Executive Summary: What Changed and What Companies Must Do Now

The Austrian StPO amendments effective 1 January 2025 introduced revised rules on the seizure and forensic examination of data carriers, new court-authorisation requirements for accessing digital communications, and tighter procedural safeguards that affect both domestic prosecutors and the EPPO. The EPPO publicly flagged concerns that certain provisions constrain its investigative effectiveness in Austria, signalling that companies may face more complex, multi-channel enforcement requests.

Key takeaways for counsel:

  • Update evidence-preservation SOPs immediately. The amended rules on data-carrier seizure change what authorities can demand and how quickly, your internal legal-hold procedures must reflect the new statutory framework.
  • Review digital-evidence handling. Court authorisation requirements for mobile-device and cloud-data access have been amended. Companies must know which orders require judicial approval and which can be executed by prosecutors directly.
  • Prepare for EPPO-specific requests. The EPPO operates with supranational jurisdiction and may issue investigation measures that run parallel to domestic proceedings. Establish a single point of contact for EPPO-related requests.
  • Reassess privilege protocols. Internal investigation materials are not automatically shielded from seizure. Legal-privilege boundaries under Austrian law require careful documentation and separation of legal-advice communications from operational files.
  • Coordinate cross-border IT and legal teams. Amended mutual-assistance and EPPO coordination mechanisms mean foreign counsel must be briefed on Austrian-specific requirements before any data is transferred or disclosed.
  • Document every interaction. From the moment authorities arrive at your premises, a contemporaneous log of all interactions, requests and responses is essential for protecting the company’s rights and challenging unlawful measures.

Rapid Timeline: Key Legislative and Enforcement Dates (2024–2026)

Understanding the chronology of Austria’s criminal procedure changes is essential for determining which version of the StPO applies to a given investigation or enforcement action. The table below outlines the critical milestones that in-house teams need to track.

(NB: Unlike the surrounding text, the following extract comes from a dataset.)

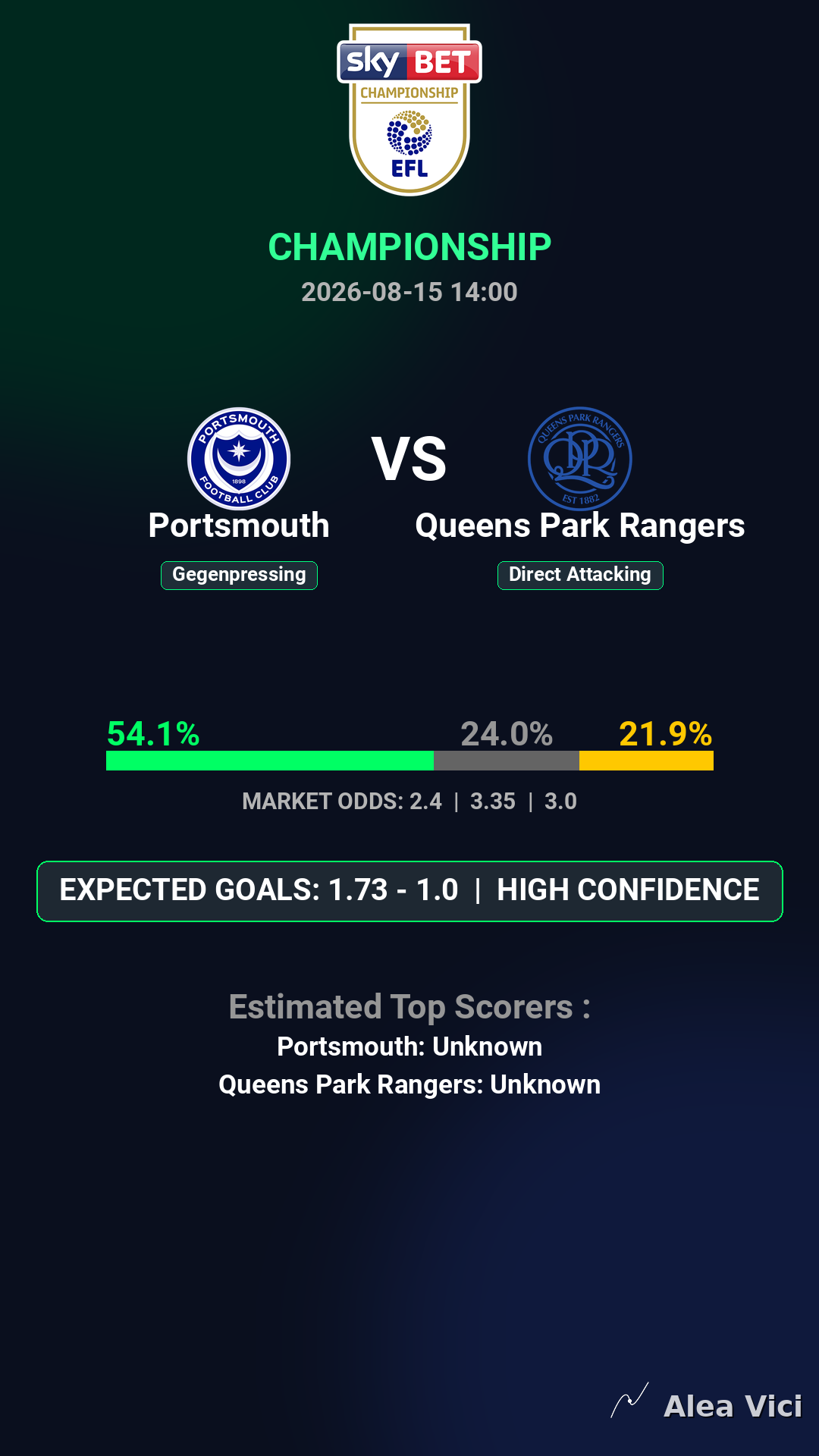 2026-08-15_Portsmouth_vs_Queens_Park_Rangers_slide1_9_16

Date Legislative / Official Act Practical Effect for Companies
June 2024 EPPO public statement on proposed Austrian StPO amendments EPPO raised early concerns about the potential impact on its investigative capacity in Austria, early signal for corporate compliance teams to monitor developments.
Late 2024 Austrian Parliament (Nationalrat) passed the StPO amendment bill; published in the Federal Law Gazette (Bundesgesetzblatt) Final legislative text confirmed, companies should begin gap-analysis of existing SOPs against new seizure and authorisation rules.
1 January 2025 Major Austrian StPO amendments entered into force (consolidated text available on RIS) Broader rules on seizure of data carriers and amended court-authorisation requirements now apply to all pending and new investigations, immediate SOP updates required.
23 January 2025 EPPO public statement on Austrian amendments EPPO formally flagged constraints on its investigative effectiveness, companies may see increased EPPO coordination requests or parallel proceedings.
22 May 2026 RIS law-list update / latest consolidated StPO text published by Federal Chancellery Ensure all statutory citations reference the most current consolidated text when advising or responding to authorities.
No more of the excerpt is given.